MUNIQUE – Não podia esperar e eis-me na rota que deveria ter sido portuguesa, à beira de me sentar na bancada de imprensa da grande Arena onde costumam jogar o Bayern e a seleção alemã que, ainda há bem pouco, nos deu, aqui mesmo, uma sova de futebol à moda antiga como quem dá dois pares de chapadas a um fedelho atrevido. Mas Portugal perdeu-se na noite quente de Sevilha, naquele estádio abominável de La Cartuja, vetado ao abandono, elefante branco que os políticos andaluzes não sabem como usar, ora numa final da Copa do Rei, ora num jogo da seleção espanhola, ora como desta vez, a servir de muleta para a realização do Campeonato da Europa, sobretudo a partir do dia em que Bilbau, outra das cidades que deveria receber jogos, disse um rotundo NÃO!, impondo restrições sanitárias que, definitivamente, não cabem em competições deste género.
Infelizmente, o Euro-2020 (que passou a Euro-2021) ficará guardado nas gavetas da nossa memória por via da total discrepância de atitudes de país para país.
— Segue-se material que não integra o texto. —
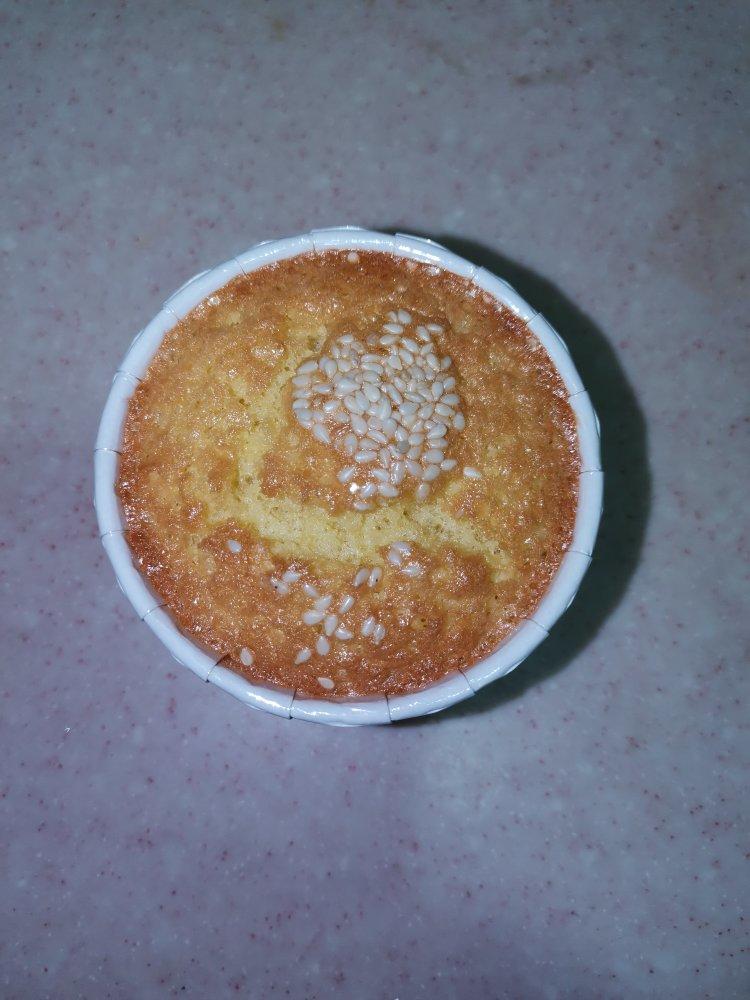 快手版简单易做的全蛋海绵蛋糕杯😋😋😋，蛋香味十足🥰🥰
A Alemanha acaba de nos colocar na zona vermelha, algo que obriga os portugueses a entrar em quarentena mal cruzem a fronteira, a menos que transportem consigo uma declaração de Isenção de Quarentena passada pela UEFA sob supervisão das autoridades sanitárias alemãs.
É preciso esbracejar para se ir a um estádio, pelo menos naqueles em que estive. Com exceção para o Puskás Arena de Budapeste onde se respira um ar não tão opressivo, talvez porque as fardas fossem em menor número.
Troca.
Se era por Portugal que esperávamos em Munique bem podemos esperar sentados, pedindo umas canecas de weissbier e uns “schweinmedallionen mit kartofel”. “Tu ne viendras pas çe soir”, cantaria o Salvatore Adamo, ainda que estejamos muito longe de ter neve, embora a chuva já tivesse caído sobre Munique na passada semana como se alguém distraído, tivesse deixado abertas as torneiras do céu. “Tu ne viendras pas ce soir/Me crie mon désespoir…” Talvez já tenha chegado mais do que tempo de dizer adeus à tristeza, como sugeria o meu querido Fernando Tordo, com o qual, por sms, essa maravilha da técnica moderna, trocamos diárias ideias sobre o que se vai passando neste Campeonato da Europa em que Portugal foi obrigado a despojar-se dos galões de campeão por uma Bélgica que pode ter menos talento individual do que nós, mas cujos jogadores fantásticos que possui – De Bruyne, Eden Hazard, Lukaku, Maertens – se dedicam à construção de um bloco coletivo que passa a vida em movimento, ora ofensivo, ora defensivo, mas sem abrir brechas inesperadas na forma como controla o adversário, até mesmo quando lhe dá a bola e sussurra, num tom quase escarninho: “Vá, anda, vem daí…” E, depois, quem vai sujeita-se à rapidez daquele desdobramento que parece uma onda do mar a subir pela areia no tempo das marés-vivas.
Bélgica-Itália é, sem dúvida, um jogo que dá vontade de ver. Sobretudo porque coloca frente a uma equipa belga a caminho da reforma, tendo atingido provavelmente uma qualidade que nenhuma outra seleção do país das batatas fritas conseguira até agora, e uma Itália rejuvenescida pelo toque de Mancini, um daqueles treinadores que gosta de futebol de ataque e não reduz as suas equipas à sua metade do campo. Duas equipas com o registo de 100% de vitórias – Bélgica (3-0 à Rússia; 2-1 à Dinamarca; 2-0 à Finlândia; 1-0 a Portugal) e Itália (Turquia, 3-0; Suíça, 3-0; País de Gales, 1-0; e Áustria, 2-1 após prolongamento). Agora, um terá de perder…
Com um meio-campo de muita qualidade, onde entram Verratti, Jorginho, Locatelli e Barella, no apoio a uma linha ofensiva com Insigne, Immobile (que não é grande nome para um ponta-de-lança), Berardi e Chiesa, os italianos têm mostrado um futebol inventivo e interessante, mesmo do ponto de vista tático. Amanhã, no relvado do Arena de Munique, já ninguém se lembrará de nós. Os perdedores caem no poço do olvido. E Portugal nem deixou sequer futebol com suficiente qualidade para sentirmos saudades dele.